Another important consideration is the use of SMMUs (System Memory Management Units) to enforce GPCs for devices that access memory, such as the GIC (Generic Interrupt Controller). In systems with RME, the GIC must be subject to GPCs, which can be achieved by placing it behind an SMMU. The SMMU must be configured to use the same GPT as the PEs to ensure consistency. This is particularly important in systems with shared GICs, as the SMMU must use the same GPT as the PEs to ensure that GPCs are enforced consistently across the system.
Finally, it is important to consider the fidelity of FVP (Fixed Virtual Platform) models when testing these scenarios. While FVP models provide a useful tool for testing and development, they may not fully replicate the behavior of real hardware.

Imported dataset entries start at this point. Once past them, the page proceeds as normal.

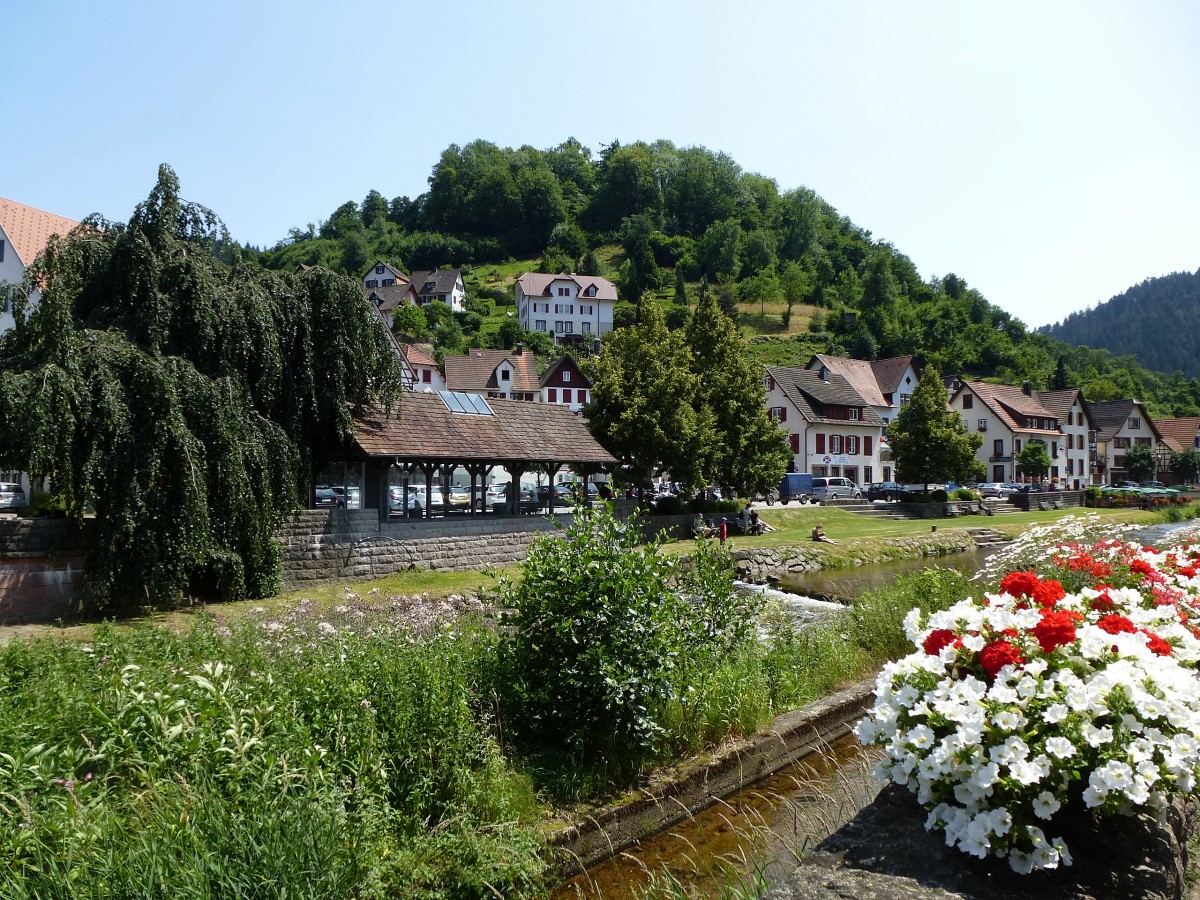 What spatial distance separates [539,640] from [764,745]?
7.82ft

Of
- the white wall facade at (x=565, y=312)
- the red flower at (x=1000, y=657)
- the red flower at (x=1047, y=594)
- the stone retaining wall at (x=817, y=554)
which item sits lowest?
the stone retaining wall at (x=817, y=554)

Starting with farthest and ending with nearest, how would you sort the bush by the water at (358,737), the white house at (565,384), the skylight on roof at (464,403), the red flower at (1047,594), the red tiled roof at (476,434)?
1. the white house at (565,384)
2. the skylight on roof at (464,403)
3. the red tiled roof at (476,434)
4. the red flower at (1047,594)
5. the bush by the water at (358,737)

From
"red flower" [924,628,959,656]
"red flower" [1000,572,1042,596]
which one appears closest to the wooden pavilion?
"red flower" [1000,572,1042,596]

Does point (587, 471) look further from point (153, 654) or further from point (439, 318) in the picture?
point (439, 318)

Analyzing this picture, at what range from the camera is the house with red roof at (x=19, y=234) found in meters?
41.7

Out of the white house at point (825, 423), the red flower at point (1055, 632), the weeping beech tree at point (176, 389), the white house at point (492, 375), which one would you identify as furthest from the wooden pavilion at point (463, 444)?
the white house at point (492, 375)

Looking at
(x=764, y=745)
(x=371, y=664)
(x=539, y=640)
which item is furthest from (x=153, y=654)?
(x=764, y=745)

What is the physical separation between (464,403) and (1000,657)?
24.3 m

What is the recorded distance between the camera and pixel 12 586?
1602 centimetres

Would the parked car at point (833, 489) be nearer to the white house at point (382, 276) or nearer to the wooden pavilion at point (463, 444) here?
the wooden pavilion at point (463, 444)

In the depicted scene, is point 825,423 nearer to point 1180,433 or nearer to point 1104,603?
point 1180,433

It is important to validate the behavior observed in FVP models against real hardware to ensure that the system behaves as expected in practice.
Issue | Root Cause | Solution |
---|---|---|
Inconsistent GPT configurations | Different PEs have different GPT configurations, leading to cache coherency issues | Ensure consistent GPT configurations across all PEs before enabling GPC |
Cache invalidation bypassing GPC | Set/way-based CMOs do not have an associated address to check against the GPT | Use address-based CMOs to ensure GPC is performed before cache operations |
GIC and SMMU configuration | Shared GICs must be subject to GPCs, requiring consistent GPT configurations | Configure SMMUs to use the same GPT as the PEs to enforce GPCs consistently |
FVP model fidelity | FVP models may not fully replicate real hardware behavior | Validate FVP model behavior against real hardware |
By implementing these strategies, it is possible to mitigate the risks associated with cache coherency and GPC sequence issues in ARMv9 systems with RME. Ensuring consistent GPT configurations, using address-based CMOs, and properly configuring SMMUs are critical steps in maintaining system security and stability. Additionally, validating the behavior observed in FVP models against real hardware is essential to ensure that the system behaves as expected in practice.